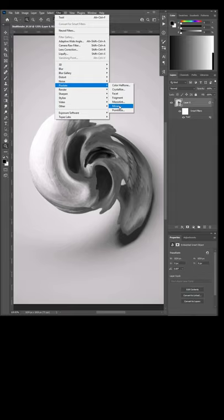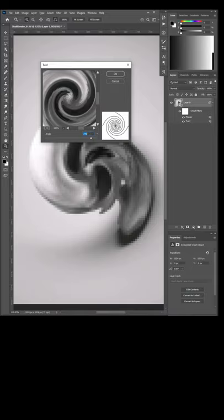Filter, Pixelate, Mosaic. Filter, Distort, Twirl, and this time we'll go positive 200, which undoes the negative 200.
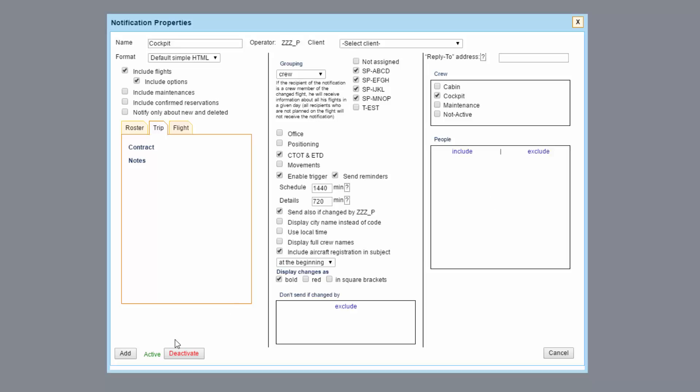The notification can be deactivated if needed. There is no need to delete it. After all properties are set you can click add and the notification is saved.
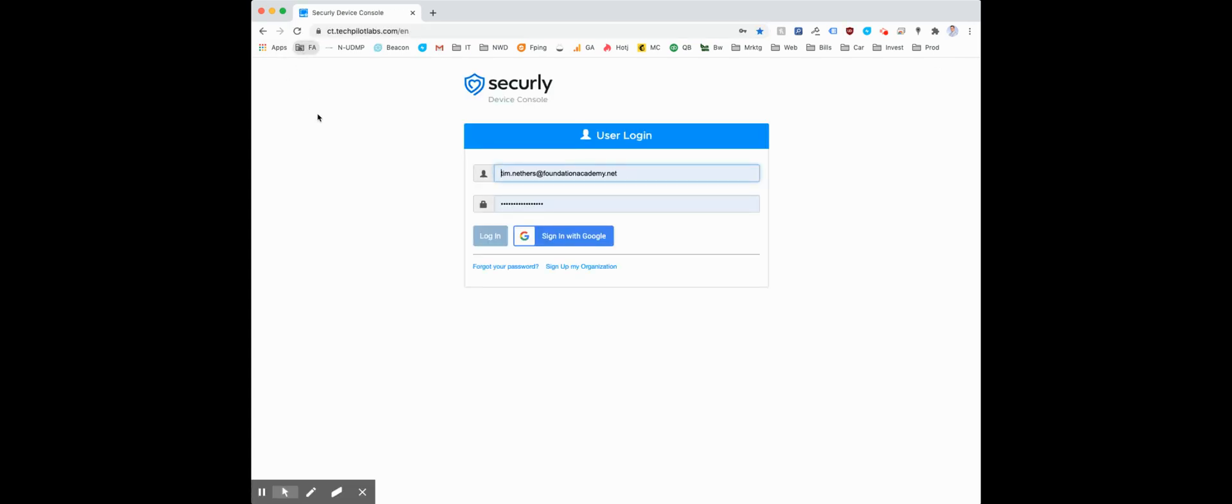Once you're at the Securely Classroom link, you're going to log in with sign in with Google. Take a moment after you accept it, go ahead and choose your school email address, choose allow, and then wait.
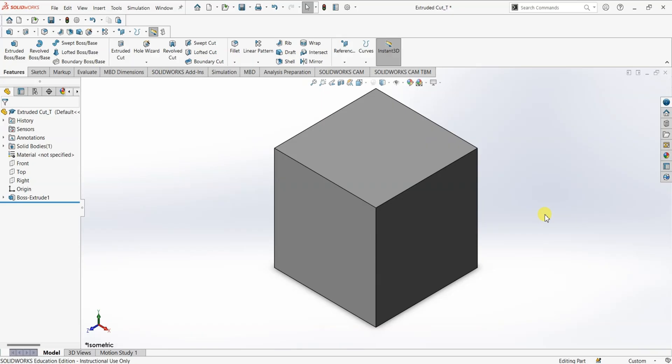Hello and welcome to another SOLIDWORKS tutorial. In this video, I'm going to be talking about extruded cut. To understand extruded cut, I'm going to use this simple block which is our design canvas. Extrusion is padding the material and extruded cut is the removal of material. We are going to have a look at all the variations we have in extruded cut.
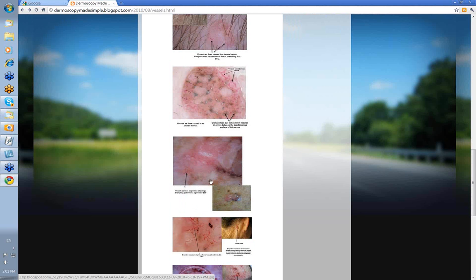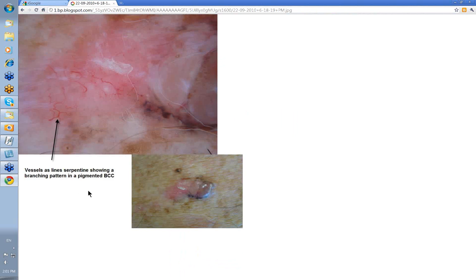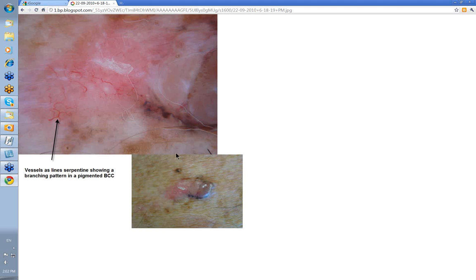This is the clinical down here. You might have thought that was melanocytic, perhaps a hypomelanotic melanoma. But you've got vessels here — a serpentine with a branching pattern. And this is a feature that you'll see in a pigmented basal cell skin cancer.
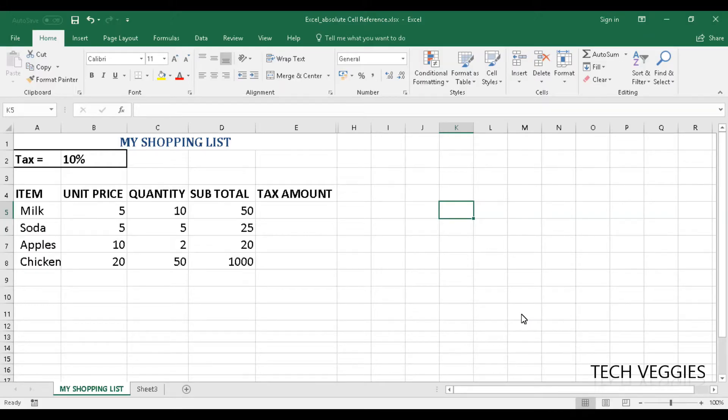Hi, in this video we will be looking at how to use the absolute cell reference in a formula.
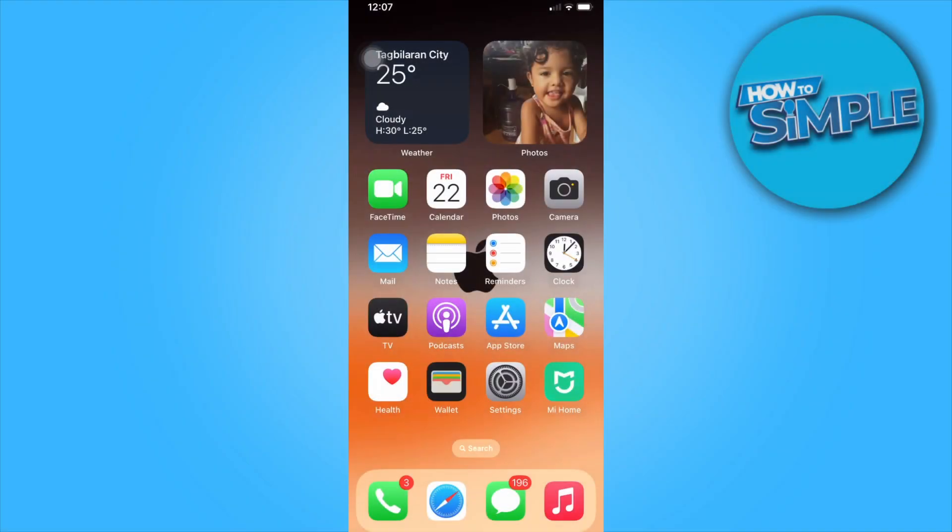Welcome to another video. In this video, I'm going to show you how to move multiple home screens on iPhone in 2023. Now, let's get started.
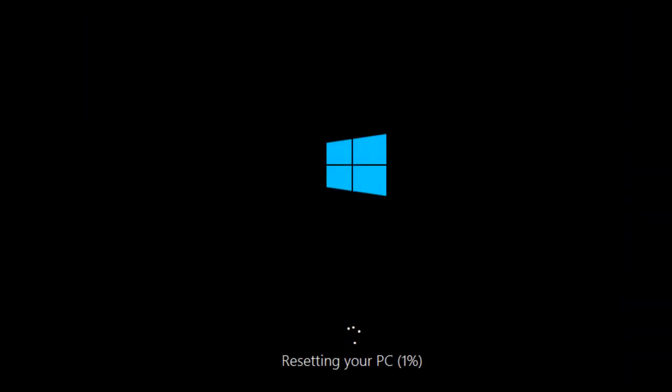When it comes back, it's going to be as if this system is brand new from whatever original equipment manufacturer sold it to me. I hope that this has been informative for you, and I'd like to thank you for viewing.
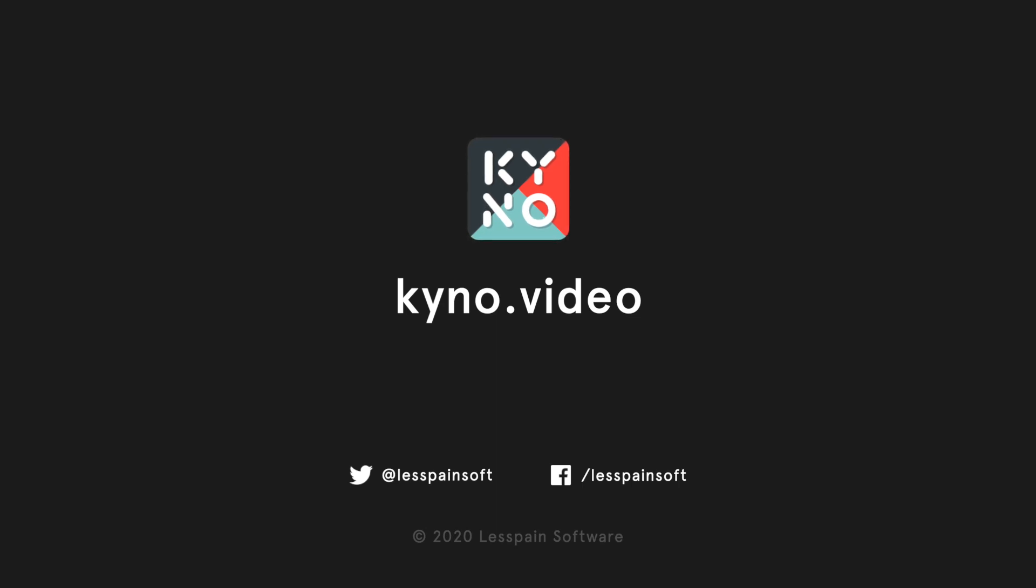Thanks for watching. Make sure you subscribe to stay up to date on all things Kyno and click on the linked videos to find out more.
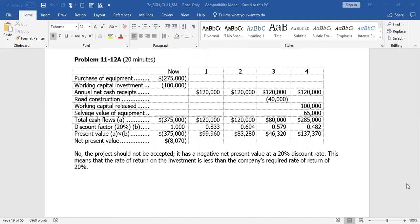So in terms of beginning of year one, that $120,000 is really $83,280. We do the same thing with the end of year three amount. Multiply it by the factor for three periods, 20%, 0.579. So that $80,000 would be $46,320. And finally, you do the same for the end of year four.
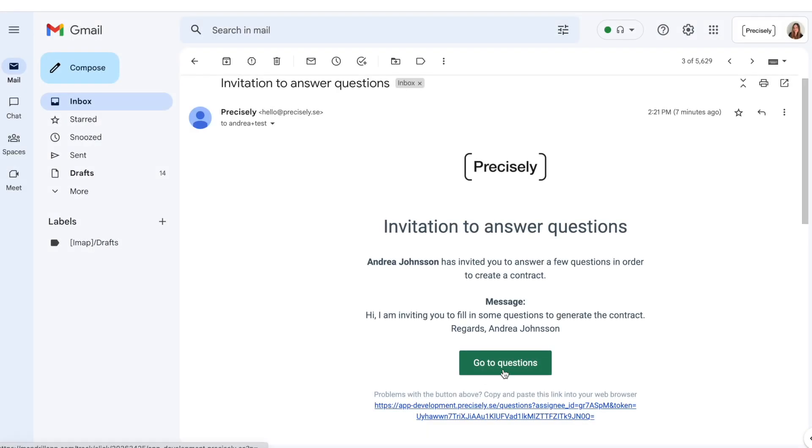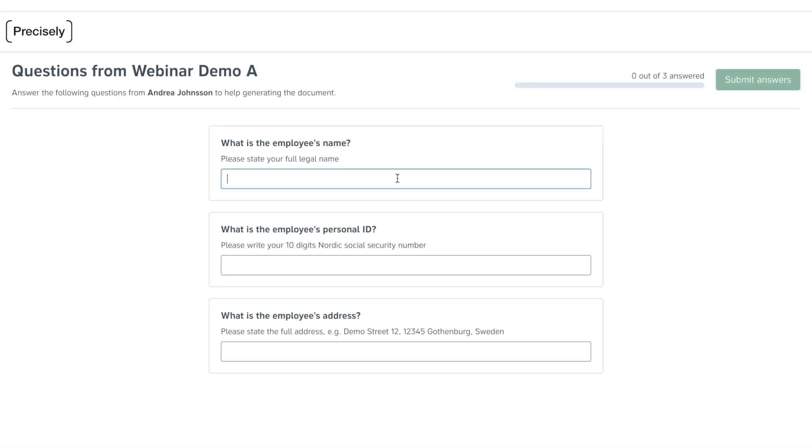They will receive an automated email where they can directly provide the requested information.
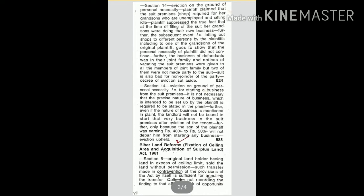But two of them were not made party to the suit. Suit is also bad for non-joinder of the party. Decree of eviction set aside. Section 14, eviction on ground of personal necessity.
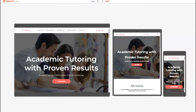So say you're a teacher or a college student and you want to open up a tutoring business on the side — or it could be some sort of consulting agency or independent consultant. This is the template for you.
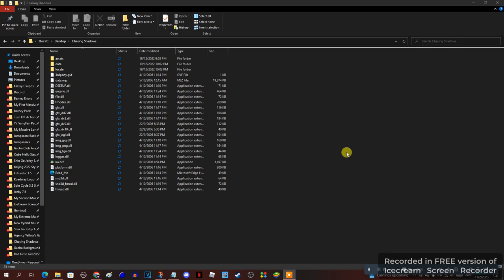Okay, so I have Luxor 2 actually, so I can do changes in Luxor 2 mod. I'll play this.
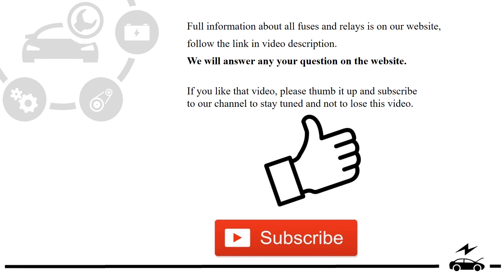Full information about all fuses and relays is on our website. Follow the link in video description. We will answer any question on the website.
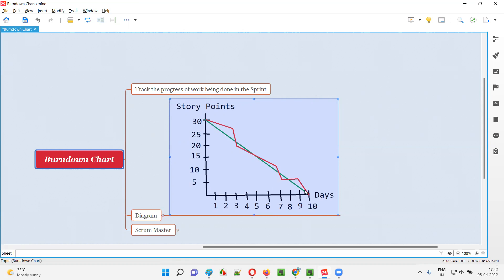Does work happen ideally as shown in the green line? No — it will not happen in real time. Sometimes the team will be behind, sometimes ahead. The red line shows the actual work being done — how story points are actually completed over the sprint's 10 working days. For example, by the end of three days, ideally 8 points should be completed, but the team may have only completed 4 points, lagging behind.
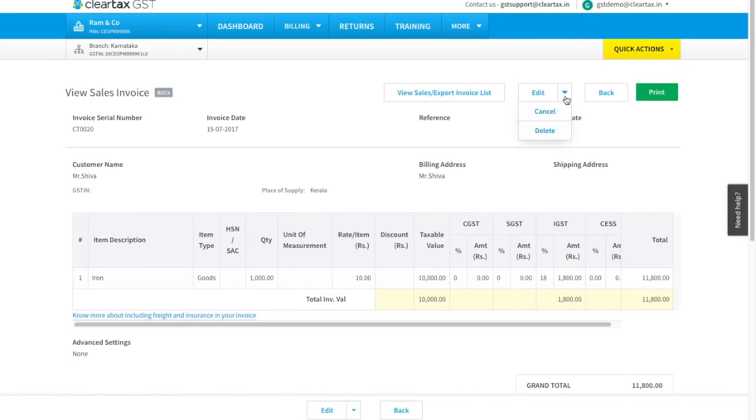Click on edit. Here two options have been provided: cancel and delete.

⁂

- **ABOUT THIS EXERCISE**
Write out each line again, exactly as it appears above, except for any picture.

- **SOLVED EXERCISE**
Filter, Pixelate, Mosaic. Filter, Distort, Twirl, and this time we'll go positive 200, which undoes the negative 200.
The notification can be deactivated if needed. There is no need to delete it. After all properties are set you can click add and the notification is saved.
Once you're at the Securely Classroom link, you're going to log in with sign in with Google. Take a moment after you accept it, go ahead and choose your school email address, choose allow, and then wait.
Hello and welcome to another SOLIDWORKS tutorial. In this video, I'm going to be talking about extruded cut. To understand extruded cut, I'm going to use this simple block which is our design canvas. Extrusion is padding the material and extruded cut is the removal of material. We are going to have a look at all the variations we have in extruded cut.
This is the clinical down here. You might have thought that was melanocytic, perhaps a hypomelanotic melanoma. But you've got vessels here — a serpentine with a branching pattern. And this is a feature that you'll see in a pigmented basal cell skin cancer.
Hi, in this video we will be looking at how to use the absolute cell reference in a formula.
Welcome to another video. In this video, I'm going to show you how to move multiple home screens on iPhone in 2023. Now, let's get started.
When it comes back, it's going to be as if this system is brand new from whatever original equipment manufacturer sold it to me. I hope that this has been informative for you, and I'd like to thank you for viewing.
Thanks for watching. Make sure you subscribe to stay up to date on all things Kyno and click on the linked videos to find out more.
So in terms of beginning of year one, that $120,000 is really $83,280. We do the same thing with the end of year three amount. Multiply it by the factor for three periods, 20%, 0.579. So that $80,000 would be $46,320. And finally, you do the same for the end of year four.
They will receive an automated email where they can directly provide the requested information.
But two of them were not made party to the suit. Suit is also bad for non-joinder of the party. Decree of eviction set aside. Section 14, eviction on ground of personal necessity.
So say you're a teacher or a college student and you want to open up a tutoring business on the side — or it could be some sort of consulting agency or independent consultant. This is the template for you.
Okay, so I have Luxor 2 actually, so I can do changes in Luxor 2 mod. I'll play this.
Full information about all fuses and relays is on our website. Follow the link in video description. We will answer any question on the website.
Does work happen ideally as shown in the green line? No — it will not happen in real time. Sometimes the team will be behind, sometimes ahead. The red line shows the actual work being done — how story points are actually completed over the sprint's 10 working days. For example, by the end of three days, ideally 8 points should be completed, but the team may have only completed 4 points, lagging behind.
Click on edit. Here two options have been provided: cancel and delete.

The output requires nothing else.